II. La sanction de l’obligation d’éloignement fondée sur un motif erroné en droit

Alors qu’elle valide le refus de séjour, la Cour administrative d’appel censure l’obligation de quitter le territoire qui l’accompagnait. Cette annulation repose sur l’autorité de la chose jugée attachée à une décision de justice antérieure (A), entraînant par voie de conséquence l’annulation des autres mesures d’éloignement (B).

A. L’autorité de la chose jugée comme rempart contre une motivation devenue illégale

La Cour relève que la motivation de l’obligation de quitter le territoire prise à l’encontre de la requérante reposait sur un élément déterminant : le fait que son époux « fait lui-même l’objet d’une obligation de quitter le territoire français ». Or, par un jugement antérieur, le tribunal administratif de Rennes avait précisément annulé cette mesure d’éloignement visant le conjoint. Cette annulation, devenue définitive, est revêtue de l’autorité absolue de la chose jugée.

La Cour en tire une conséquence logique et imparable : la décision annulée « est réputée n’être jamais intervenue ». Par conséquent, le motif principal sur lequel le préfet a fondé l’obligation de quitter le territoire de l’épouse était, au moment où le juge statue, dépourvu de toute existence légale. La motivation de l’acte administratif reposait donc sur une erreur de droit fondamentale. En censurant pour ce motif, la Cour réaffirme avec force le principe selon lequel l’administration ne peut se fonder sur un acte qui a été anéanti par le juge, et que l’autorité de la chose jugée s’impose à elle de manière absolue.

B. Les conséquences de l’annulation de l’obligation de quitter le territoire

L’annulation de la mesure d’éloignement principale entraîne, par un effet mécanique, l’illégalité des décisions qui en dépendent. La Cour annule ainsi, par voie de conséquence, l’interdiction de retour sur le territoire français d’une durée d’un an et les mesures de contrôle qui y étaient associées. Cette solution illustre la construction « en cascade » des décisions en matière de droit des étrangers, où la légalité de chaque mesure est conditionnée par la validité de celle qui la précède.

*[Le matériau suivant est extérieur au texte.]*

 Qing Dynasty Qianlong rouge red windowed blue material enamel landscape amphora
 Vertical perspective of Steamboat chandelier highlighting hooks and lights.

Enfin, l’arrêt tire les conséquences de cette annulation en matière d’injonction. Conformément à l’article L. 614-16 du code de l’entrée et du séjour des étrangers et du droit d’asile, l’annulation d’une obligation de quitter le territoire implique pour l’administration le devoir de réexaminer la situation de l’étranger et de lui délivrer, dans l’attente, une autorisation provisoire de séjour. La Cour enjoint donc au préfet de procéder à ce réexamen dans un délai d’un mois, offrant ainsi à la requérante une protection temporaire et la possibilité de faire valoir à nouveau ses droits, y compris potentiellement sur un autre fondement juridique.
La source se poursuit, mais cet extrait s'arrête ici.